Re: BGP local route removal issue

stephon.a.it · ‎09-05-2024

Hey everybody,

I was searching for a sufficient answer however I didn't find anything so figured I'd post the question for some feedback.

I have a BGP configuration on a Nexus 7k. The 7k also has an EIGRP and an OSPF neighbor. In the BGP configuration, rather than using redistribution, I added a network statement for the EIGRP and OSPF routes respectively. It was only one route and I preferred the route have its local origination in the BGP table as opposed to " ? " for a redistributed out or route-map influence etc...

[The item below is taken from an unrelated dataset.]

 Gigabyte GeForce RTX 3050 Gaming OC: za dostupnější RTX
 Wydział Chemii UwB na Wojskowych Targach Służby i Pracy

An unusual issue occurred when I rebooted the EIGRP and OSPF neighbors; The routes were removed from the 7k however the 7k's BGP configuration was still advertising the route due to the network statement configuration. This created a loop because from the 7k's perspective with redundancy in the network, it was receiving the route from it's eBGP neighbor originating from itself!

Once the EIGRP and OSPF routers rebooted, the routes were installed in their respective process but due to eBGP having a better admin distance (20), the BGP process never preferred the local route and the neighbor session had to be hard cleared for it to be fixed. From my understanding, BGP won't advertise a network that it doesn't have in it's route table so I'm confused on two points:

1) Why did the 7k continue to advertise the route when it had been removed?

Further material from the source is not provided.